Starting From Scratch

IMGP0038A couple of weeks ago the Pembrokeshire Permaculture Group met at Mountain Hall, the home of Alex and Sam Heffron. When Alex and Sam moved here 18 months ago they had no background in farming and had never milked a cow. What they did have was a passion and a plan. Now they have a micro-dairy and small beef herd which are showing every sign of becoming a successful business.

Before looking for a farm to buy Alex and Sam had used strategies from Holistic Management to get a clear idea of the kind of life they wanted to create for themselves and the values on which it would be founded. Although this approach is distinct from permaculture they espoused the 3 ethics of Permaculture – Earth Care, People Care and Fair Shares. They also followed the principle of ‘design from pattern to detail’ by thinking about the whole of their desired lifestyle before worrying about the names they would give their cows! (or even how many cows there would be) They had no wish to be rich but wanted to earn a decent living without killing themselves with overwork; to have happy, healthy stock; to provide high quality food direct to members of their community; to build the soil and biodiversity on their land; and, if possible, to enable others in the local community to benefit from the land as well.  Then they devised the enterprises that would work for them and hunted for a small farm that would suit.

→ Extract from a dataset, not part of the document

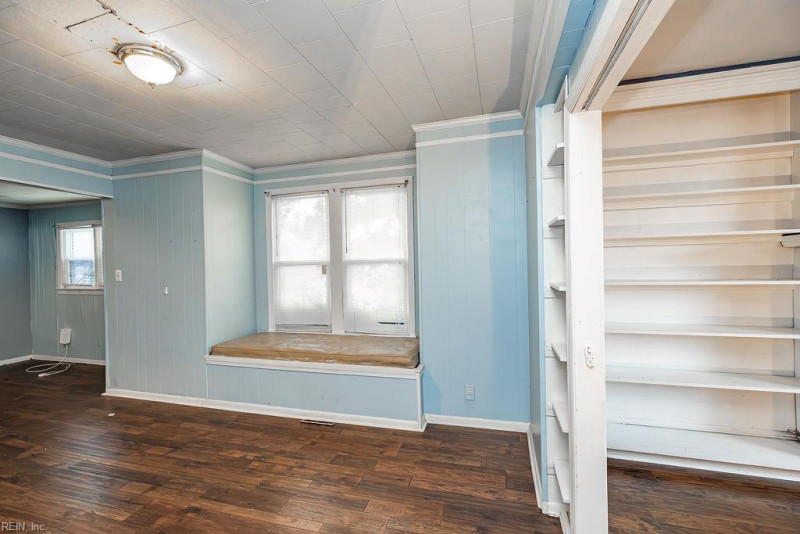 Photo 7 of 49 residential for sale in Norfolk virginia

IMGP0040First we were shown the 5 milking cows. They plan in future to build a closed herd of Jerseys using AI with sexed sperm to ensure they get heifer calves. Calves are allowed to suckle for about 3 months and all the cows are milked just once a day, one at a time in a home made stall. Initially milking was by hand but now a small machine is used. Each cow’s milk is dealt with separately and is sold as raw milk. It is put into bottles (plastic for now at the request of their environmental health officer but glass once they have convinced her they are safe!) and each bottle has the name of the cow written on it.  Sales are through the Carmarthenshire Food Assembly and from a fridge in one of the sheds to locals. They have regular customers who pre-order and could sell much more than they currently produce. Having done a lot of research they hope to selectively breed for A2 beta-casein in the milk which is thought to make it more digestible and they believe will become the norm in dairying as it has in Australia. In the future, as the herd grows, they may start to make and sell other dairy products such as cheese, yoghurt and kefir.

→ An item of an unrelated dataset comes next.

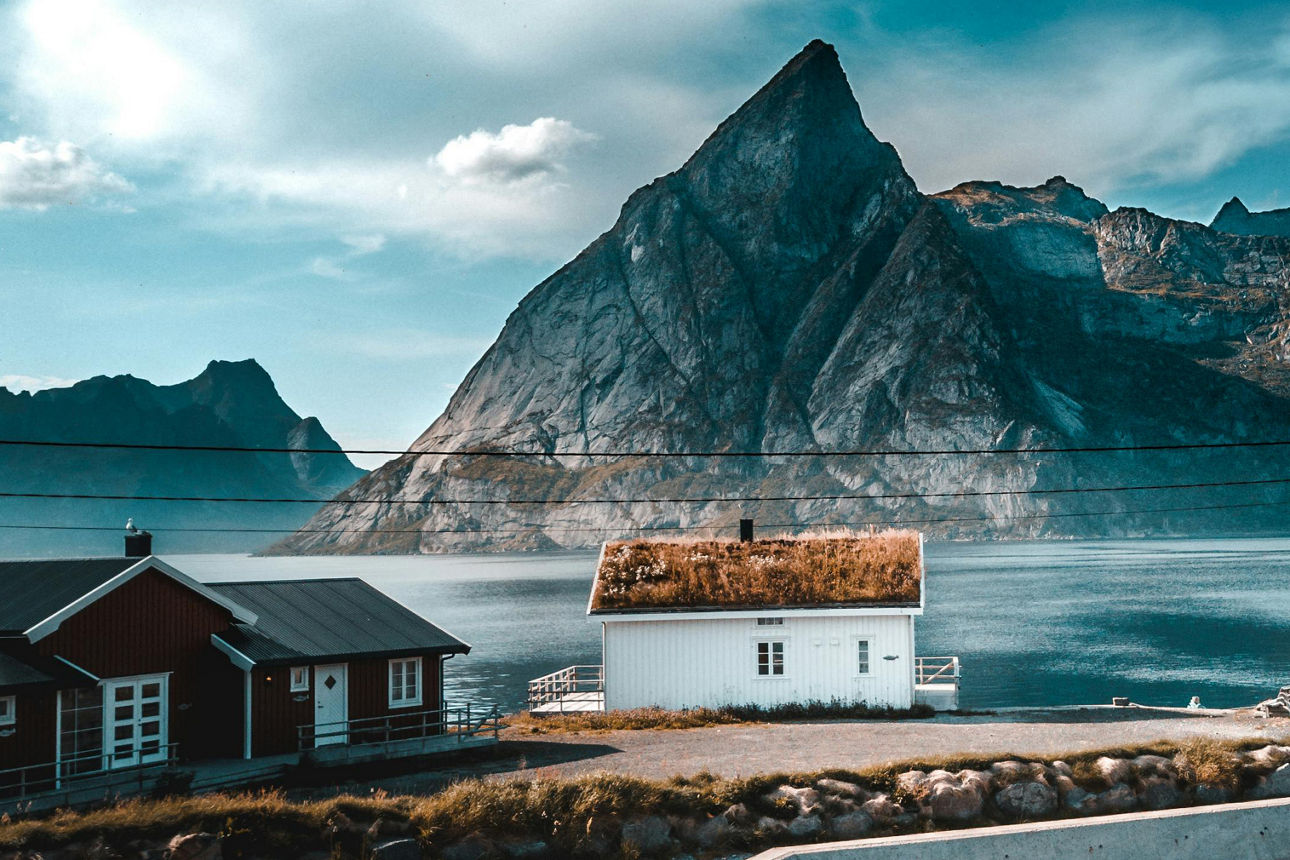 Sparen. Helfen. Gewinnen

Next we visited the dexter cattle kept for beef (but on the way stopped to admire the goats). This group are dexter x angus store cattle and any bull calves from the first pregnancies of the Jerseys will join them. In another field were a group of older dexter cows who will provide calves for beef in future. They are grass fed so live outdoors all year round with only lucerne as supplementary feed if there is not enough grazing in winter. When ready they are taken to the small abattoir at Tregaron used by most of the local smallholders, hung there and then taken to a friend’s farm where there is an in-house butchery to be cut and bagged. Like the milk it is sold through the Food Assembly or from a freezer in the shed.

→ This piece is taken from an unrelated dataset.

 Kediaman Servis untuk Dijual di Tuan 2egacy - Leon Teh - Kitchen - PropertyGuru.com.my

IMGP0043Alex (centre with Sam on the left talking to a cow!) explained that their aim is to build the fertility of the soil and the strength of the grass so they use mob grazing. By moving the cattle frequently the grass is never grazed too short and they believe that this encourages it to put down deeper roots and increases the variety of plants within the sward. They have found that there is an additional benefit in that it encourages them to check on all their stock frequently and the animals associate people with fresh grass so become more manageable. In places where the earth has been churned up because of rain they re-seed with a more diverse mixture than they found when they arrived and they may experiment in future with tilling and re-seeding some strips.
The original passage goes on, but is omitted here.